Costs lost in the focus on climate
It is more than 25 years since the possibility that carbon dioxide and other human-induced greenhouse gas emissions achieved currency as possible causes of global warming.
In that period a large volume of legislation has been introduced. The latest proposals link Australia's carbon price with that of the European Union and provide a one-way street for Australian firms to acquit part of their emission reductions by buying EU credits. This is likely to transfer about $1 billion a year to the EU, perhaps a suitable form of aid to a political entity increasingly resembling a third world "failed state".
The proposed change to Australia's carbon tax/cap-and-trade will mean a lower price on carbon. But it leaves unanswered how much Australia is currently and prospectively spending on emission reduction measures.
There are four families of such measures in place: the carbon tax, the Renewable Energy Target, direct budgetary expenditures and standards on a range of products.
The government has never provided public estimates of the combined cost or benefits of all these imposts.
The carbon tax is unique to Australia, though the EU has a less comprehensive cap-and-trade variant. Public estimates of its costs are $8bn a year in its present format.
The RET has been around since 2001. It currently requires 20 per cent of electricity by 2020 to be derived from a mix of large-scale sources, dominated by wind, and small-scale installations, which include solar water heaters, heat pumps, and solar panels. Wind requires a price of more than $110 per megawatt hour to be economically viable and small-scale systems at least twice that. Coal-generated electricity costs $35-$40 per megawatt hour.
Together, the RET schemes, including the need for back-up systems, mean an impost by 2020 of about $5bn a year. The third family of costs comprises direct budgetary expenditures, chief among which are those of the Departments of Climate Change, Energy and Resources, and Sustainability and Water.
In the current year's budget at least $2.7bn is clearly identifiable, added to which are the sums that every department, including Treasury, must allocate to addressing climate change.
Finally there are regulatory measures that force suppliers to feature energy-saving features in the products they offer. Many of these standards started life as measures to conserve energy and were targeted at a previous scare -- the forecasts that the world was running out of fossil fuels.
Although such forecasts were discredited, the conservation regulations remained and morphed into measures that are designed to reduce greenhouse gas emissions. They are imposed on many domestic appliances and on buildings.
These standards are uncosted but one that has been subject to some scrutiny is the 6 Star Standard on new housing. The Victorian Competition and Efficiency Commission accepted a cost estimate for this of at least $5000 per new house, an estimate that would translate into an annual Australia-wide cost of at least $500 million.
All in all the greenhouse emission measures therefore impose a cost of at least $15bn a year, for benefits that are probably zero. Yet the debate on the issue has largely centred on the Coalition's opposition to the carbon tax. The opposition seeks to replace this through "direct action" measures that select the most promising sources to target for reductions.

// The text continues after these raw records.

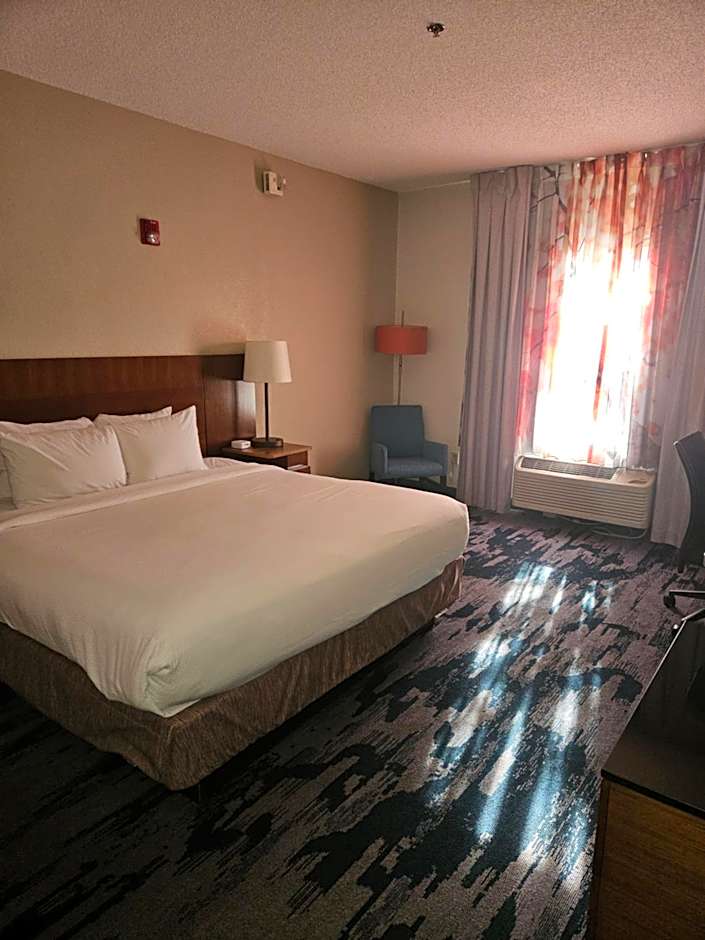 Fairfield Inn & Suites by Marriott Tulsa Central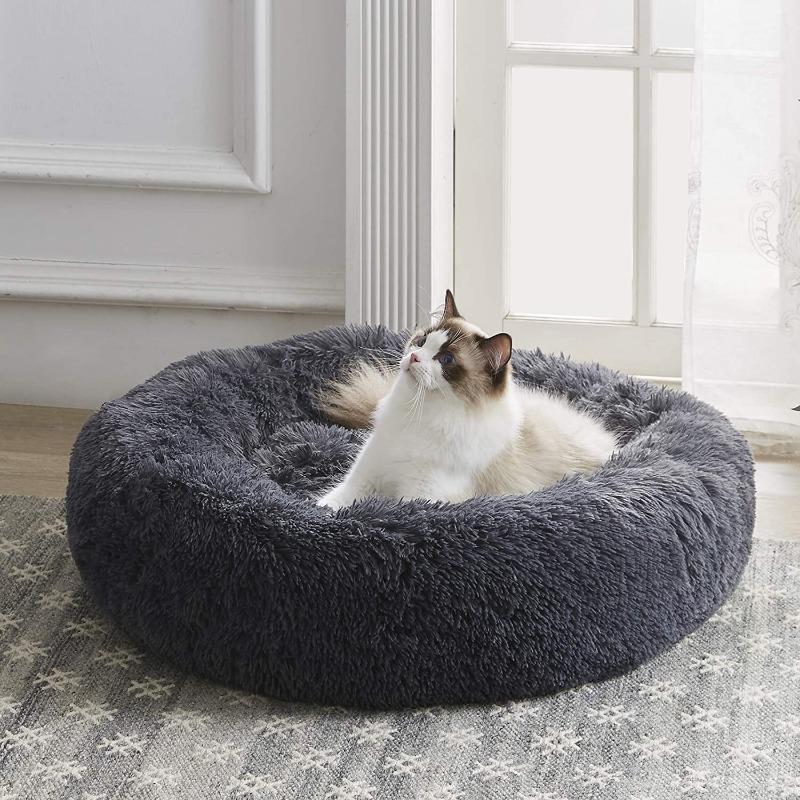 "Cloud9" Knuffelkattenbed - de originele
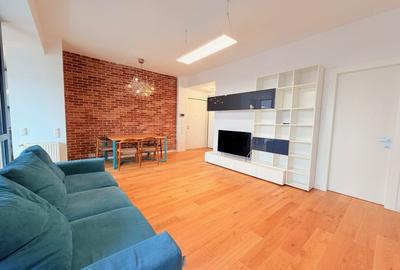 Apartament cu 3 camere semidecomandat, mobilat în Decebal - 10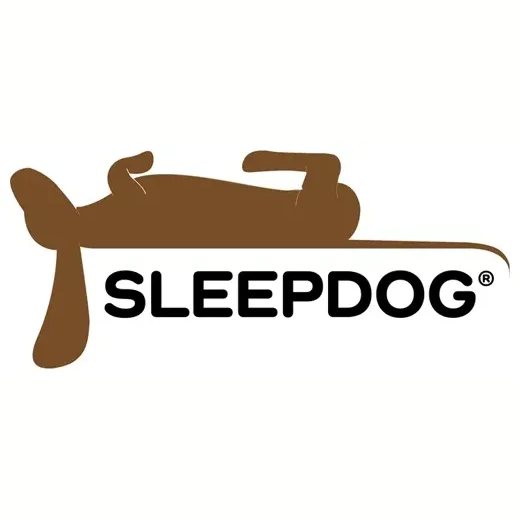 SleepDog brand logo for sleepdogmattress.com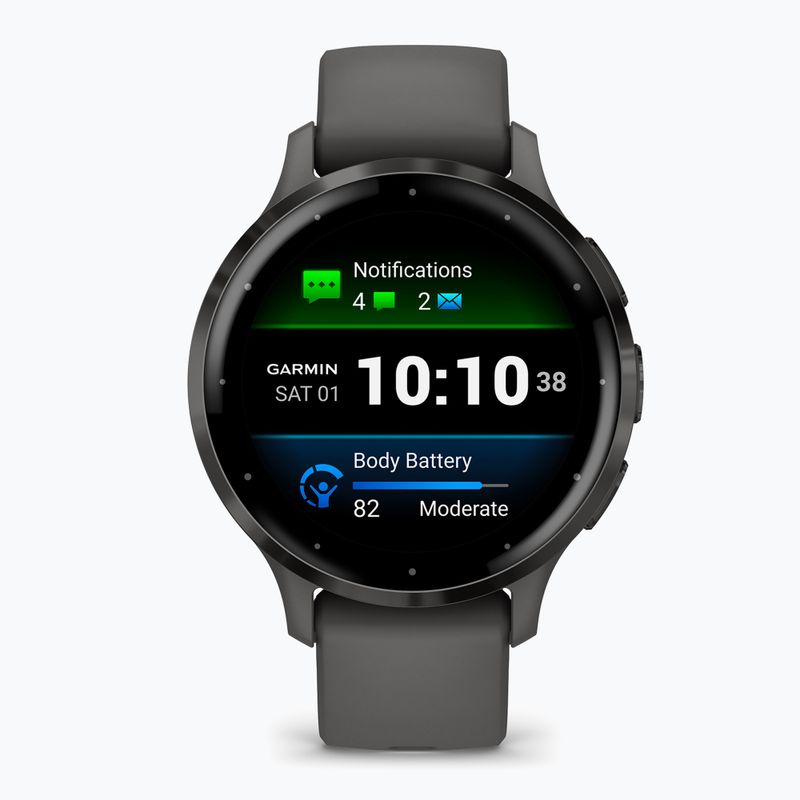 Uhr Garmin Venu 3S slate/peble gray 2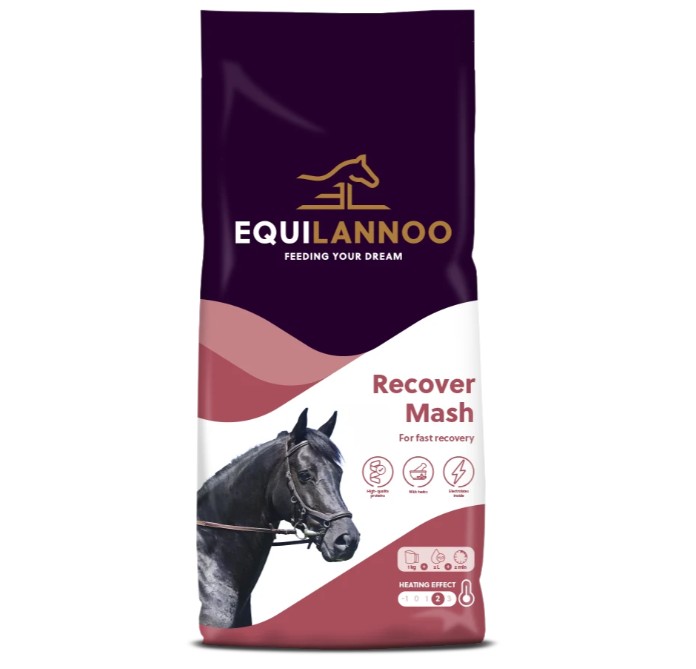 EquiLannoo Recover Mash   15kg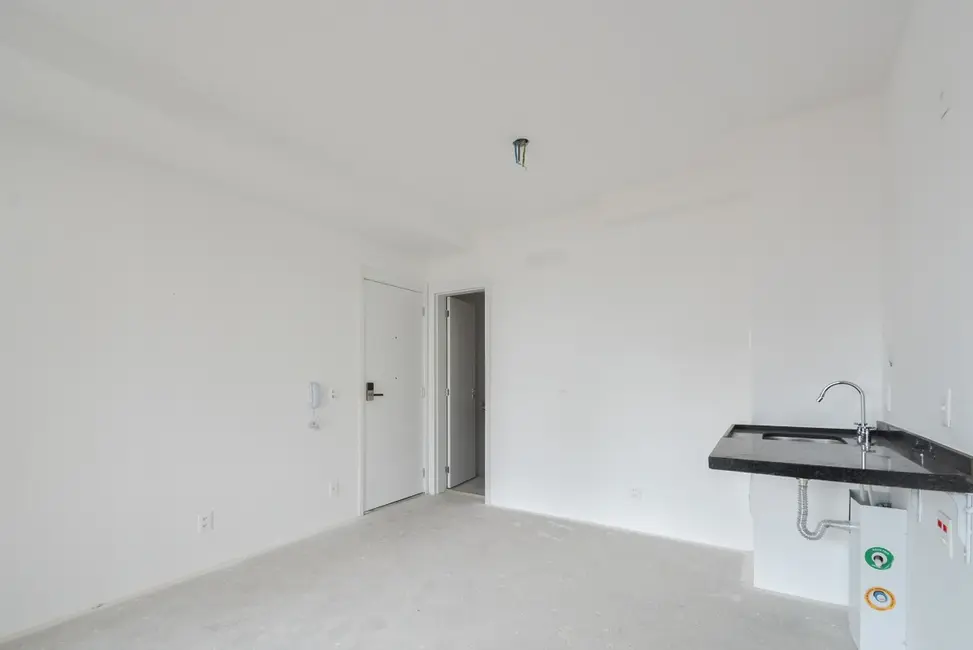 Apartamento com 1 quarto à venda, 27m2 em Vila Gumercindo, São Paulo - SP - imagem 8 Foto 8 de Apartamento com 1 quarto à venda, 27m2 em Vila Gumercindo, São Paulo - SP
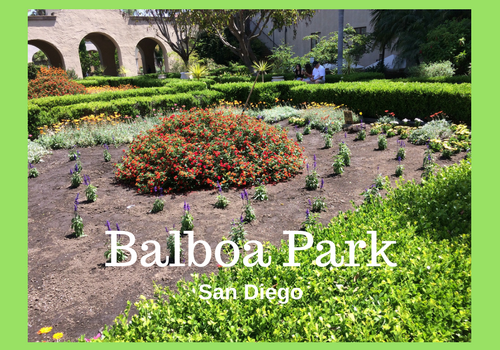 Balboa Park Fun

"Direct Action", which also features in the government policy arsenal, suffers from its very selectivity. Thus, while it might appear cheaper to target a particular source of emissions, emissions are fungible - closing down one source may see something very similar replacing it.
For example, the government's proposed replacement of the Hazelwood Power brown coal station by a gas station aims to halve the current facility's annual 16 million tonnes of carbon dioxide emissions. At a cost of $3 billion if the life of the existing facility is 20 years, that translates into a carbon price of around $50 per tonne. Not only is this well above the carbon tax but the operations of the National Electricity Market higher cost new facility would bring an increase in price for all electricity.
Greenhouse emission policies may well be the key issue dividing the Government and the Opposition. But the goals of those policies have not been fully specified and the lack of costing on existing and proposed measures means there is no platform on which the desired level of emission reductions can be based.